Is that possible? Thank you

1 like, 10 replies

10 Replies

  • Posted

    What has this subject got to do with Citalopram?????
  • Posted

    well, I could not find a more serious forum to discuss this. And yes I am taking SSRI antidepresants too, because of fear and shame due to my sexuality. You might be right though here may not be the right place. But still if anyone have any serious idea about the topic, please share here

     

    • Posted

      That must be a terrible struggle between your mind and body. I'm not sure if there is anything you can do to make that feeling go away where you can make yourself not attracted to men. You may want

      to check with a medical professional to see if any hormonal treatment could help but maybe your best bet would be therapy to help you understand and work through this struggle.
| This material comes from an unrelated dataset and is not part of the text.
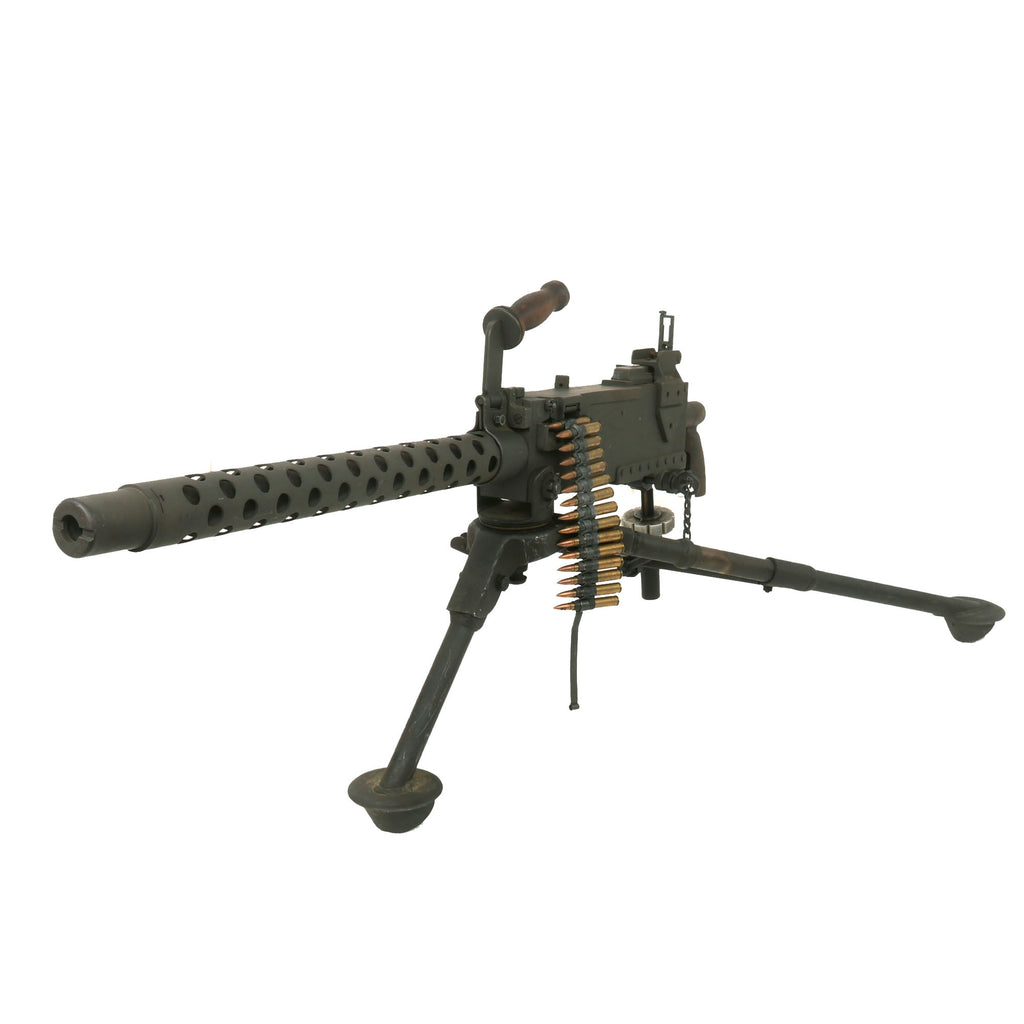 Original U.S. WWII Browning .30 Caliber M1919A4 Display Machine Gun with 1942 Dated Complete Tripod and Ammo Belt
It may help with acceptance of what is going on inside of you instead of trying to change it. I come from a very strict Catholic family so I am so there with the shame game that happens when lifestyles aren't approved. I wish you luck and prayers are being sent your way.

    • Posted

      Thank you for reply Margaret

      Yes I am terrified what would happen if one day my family finds out that I have an affair with a man. This constent fear has almost turned into a paranoia. I can never relax or have a poper night sleep. Recently I started to take SSRIs. Especially in the mornings i feel terrible. my shoulders and my neck is killing me. when i look at the mirror my face looks awful as if I have been awake for ages. 

      when I am able to think more logically I can see that there is almost no way that my family could learn about me. Because they are not even living in UK. And here in UK only my bf's family and a few friends know me. No one at work knows either. So I think it is becoming paronia and I may loose my mind. because I think about this every day, all the time. That is why I start this conversation if it is possible to stop myself not attracted to men

      Any suggestions please to stop my f***ing brain torturing me?

    • Posted

      I think my concern for you is more of you needing to accept what is and know that a family's love needs to be unconditional. I say this because I am older and lived through a life of such paranoia of not disgracing the family name that when it ruins your well being you have to be true to the person you are and not living for someones approval. I could never go back to living like that and you need to love yourself for who you are regardless and not for what someone will think of you. This has nothing to do with sexuality because I don't judge You are free to be who you are and deserved to be loved for it if you are a kind person and do not intentionally set out to hurt people. I truly don't know if there is anything you can do to change you sexual

      Preference but maybe you need to explore the reasons why you think you need to. Hang in there.

  • Posted

    Oh I so feel for you.

    Guilt and shame will take the best of us down to the lowest of depths.

    Margaret has given you some real good advice.  Like her I can honestly say that we really shouldn't judge people. 

    I know and have some really nice gay friends - in fact some times I meet up with one and walk our dogs together.

    You cannot help what or who you are or love.  In the drug rehab I trained in you have to accept this other wise you cannot move forward in life.

    I don't know your parents but the other thing I do know is that love conquers all and that the truth sets you free.

    Being a christian like Margaret we are all sinners and God loves us unconditionally and we are supposed to follow suit, good christian values.  A sin is a sin no matter what and they are all listed together.

    I am sure after the initial shock they would come around and you might be surprised that they might have an inclination any way - parents usually do.

    I was watching on New Years Day, can't think of his name Adam something who starred with the rest of queen - me and my friend joked why do all the gay men have to be so darn handsome- what a waste lol.

    I also sat and talked to one guy who had been married and had children, but just couldn't live the lie in the end, so had to hurt a lot of people, but at least he was now happy - when he came out. 

    I had to leave my first marriage, as I couldn't live a lie any more.